Le paradoxe d’Easterlin renforce l’idée qu’avoir de l’argent et être heureux ne sont pas des réalités qui s’impliquent mutuellement.
La relativité des revenus
Easterlin a ni plus ni moins repris une métaphore de Karl Marx pour expliquer toutes ces observations. Ce dernier a déclaré que si une personne possède une maison qui répond à ses besoins, elle sera alors à même de se sentir satisfaite. Elle ne percevra néanmoins sa maison que comme une simple cabane si quelqu’un bâtit un somptueux palais juste à côté.
Easterlin a émis deux conclusions à partir de cela. La première est que les personnes qui perçoivent des revenus élevés ont tendance à être plus heureuses. La seconde, que les individus considèrent leurs revenus comme « élevés » en égard aux revenus de ceux qui les entourent. Cela expliquerait la différence de relation entre bonheur et revenus au niveau interne et au niveau de tous les pays.

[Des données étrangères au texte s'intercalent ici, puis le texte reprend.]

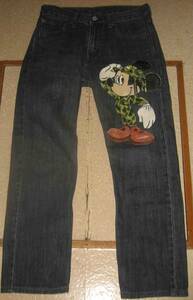 前・後　手描きペイント・ジーンズ　Mickey Mouse　【Levi's　532　W30インチ　ブルー】ミッキーマウス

Le paradoxe d’Estearlin souligne donc que la perception de notre bien-être est directement conditionnée par la comparaison que nous faisons avec ceux qui nous entourent. En d’autres termes, le contexte est déterminant pour que le niveau de revenu soit source de bonheur ou non.
Les revenus ou l’équité ?
Richard Estearlin n’a jamais déclaré directement que des revenus plus ou moins élevés étaient à l’origine du sentiment de bonheur ou de malheur. Le paradoxe d’Estearlin souligne en effet simplement qu’un niveau de revenu plus élevé ne génère pas nécessairement un plus grand sentiment de bonheur. Cela dépend du contexte dans lequel cette situation se produit. Une question se pose alors. L’équité, et non le niveau des revenus, pourrait-elle être ce qui génère le bonheur ou le malheur ?

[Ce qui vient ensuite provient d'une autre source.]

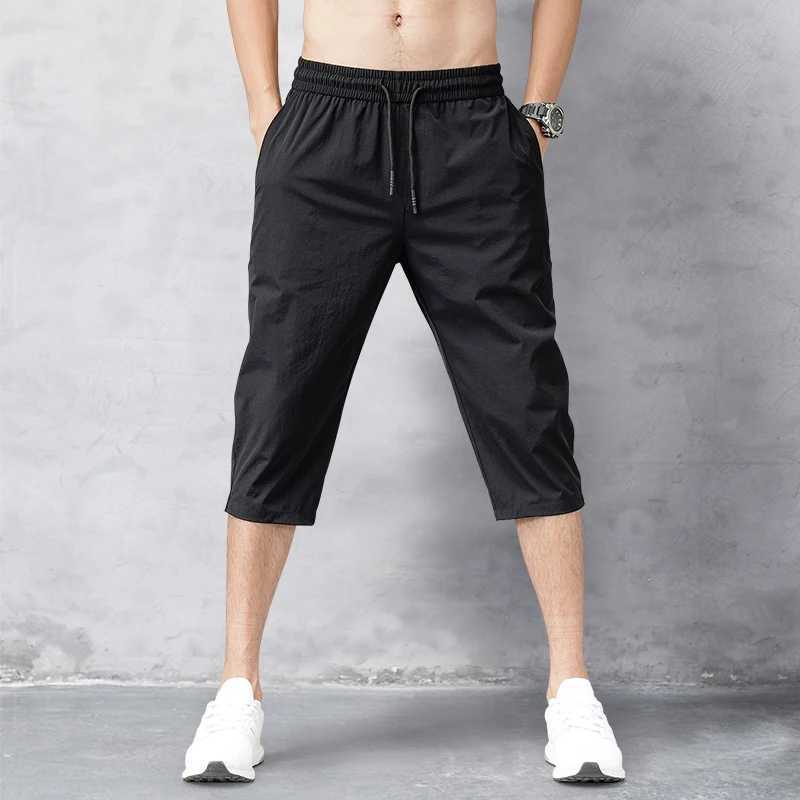 Summer Cropped Trousers for Men Ice-Feel Breathable Stretch Trousers Casual Versatile ShortsXJ250618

En d’autres termes, est-il possible de considérer, à partir du paradoxe d’Estearlin, que les grandes différences de revenus dans une société sont une source de mal-être ?
Dans un contexte de grande inégalité, être au-dessus des autres pourrait susciter un sentiment de plus grande satisfaction à l’égard de la vie. En revanche, se sentir en dessous des autres conduirait à un sentiment de plus grande frustration et de tristesse.
Le problème n’est, ni dans un cas ni dans l’autre, directement lié à la satisfaction des besoins. En d’autres termes : mes revenus peuvent me permettre de vivre sans difficultés majeures ; mais si je perçois que les autres vivent bien mieux que moi, je sentirai que je ne gagne pas suffisamment.
Il s’agit probablement de ce qui se passe dans les pays les plus riches. En effet, la majorité de la population voit ses besoins couverts. Or, l’étalage de la richesse des grandes élites économiques assombrit le sentiment de conformité et de bonheur. Il est par ailleurs peut-être plus facile d’être heureux dans les pays pauvres, où la grande majorité dispose de faibles revenus.